• TASK GOAL: The answer must be only the lines below from the one holding "Sans Vibes 4 5 Hotel,位于Blentuk Dua的酒店" down to the one holding "Used Toyota Prado", ends included, printed exactly; please omit all pictures.

• RECORD EXCERPTS:
+===+

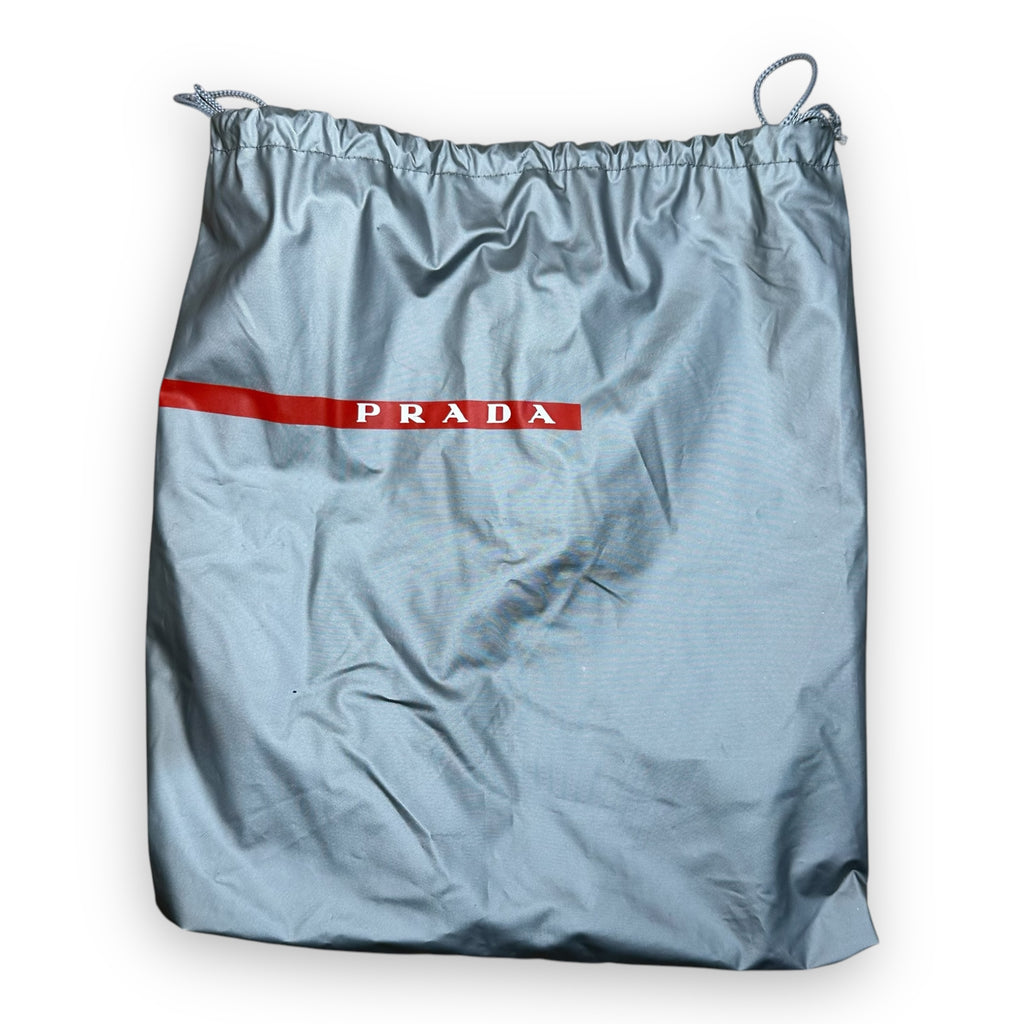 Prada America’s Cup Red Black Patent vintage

+===+

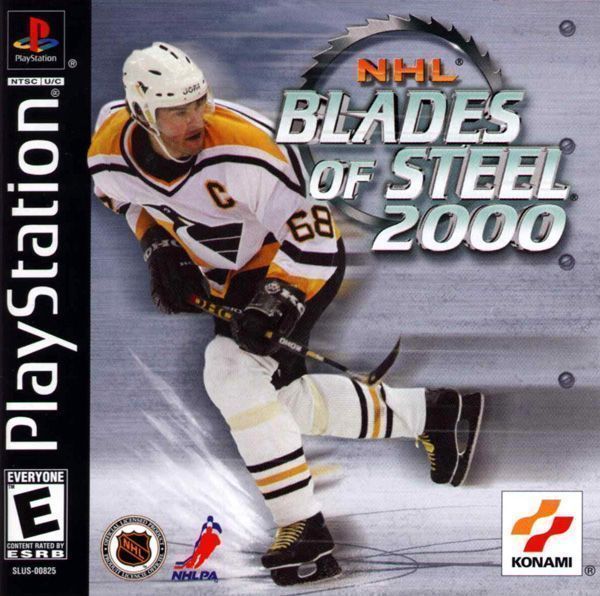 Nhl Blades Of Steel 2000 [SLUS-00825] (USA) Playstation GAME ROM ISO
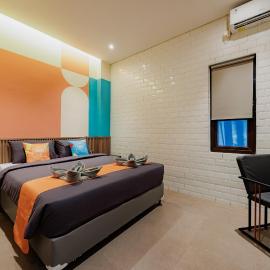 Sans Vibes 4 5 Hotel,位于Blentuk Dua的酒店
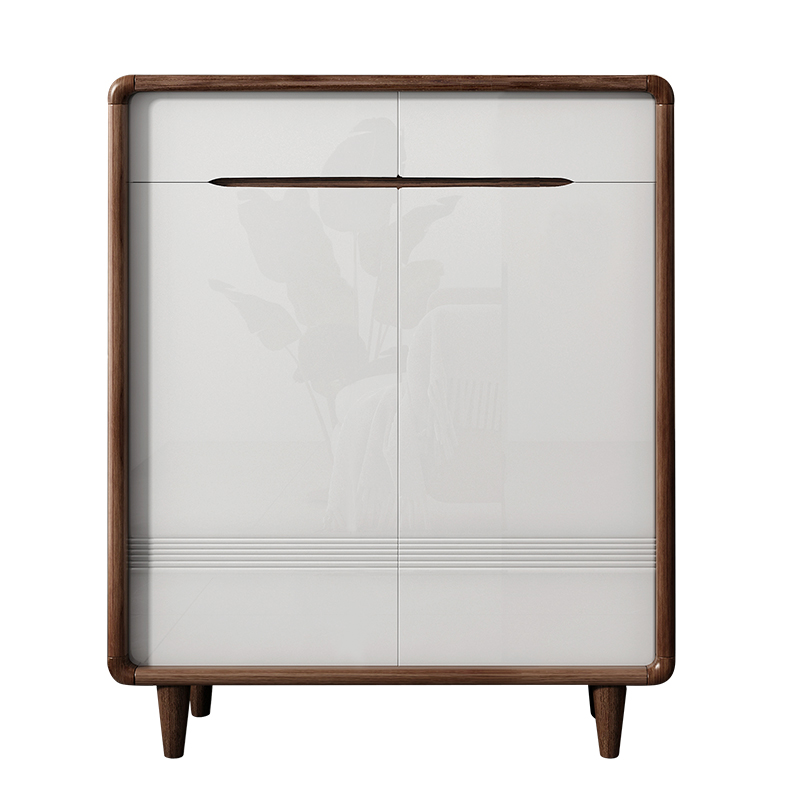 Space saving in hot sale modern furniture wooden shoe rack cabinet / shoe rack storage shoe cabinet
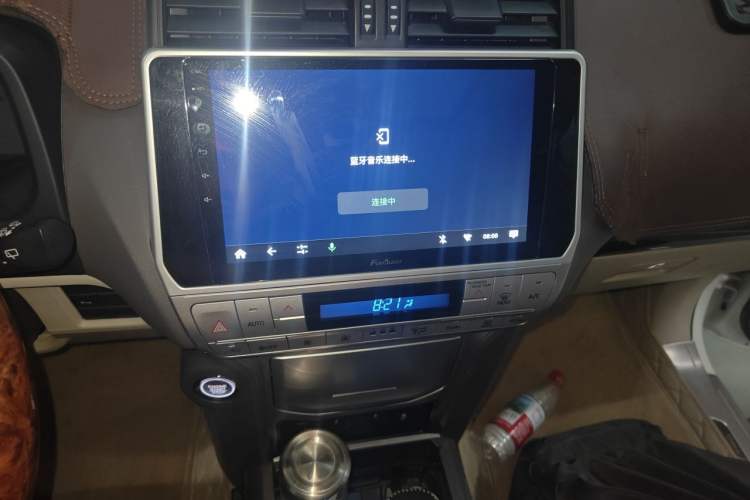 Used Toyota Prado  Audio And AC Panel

+===+

• YOUR SOLUTION:
 Sans Vibes 4 5 Hotel,位于Blentuk Dua的酒店
 Space saving in hot sale modern furniture wooden shoe rack cabinet / shoe rack storage shoe cabinet
 Used Toyota Prado  Audio And AC Panel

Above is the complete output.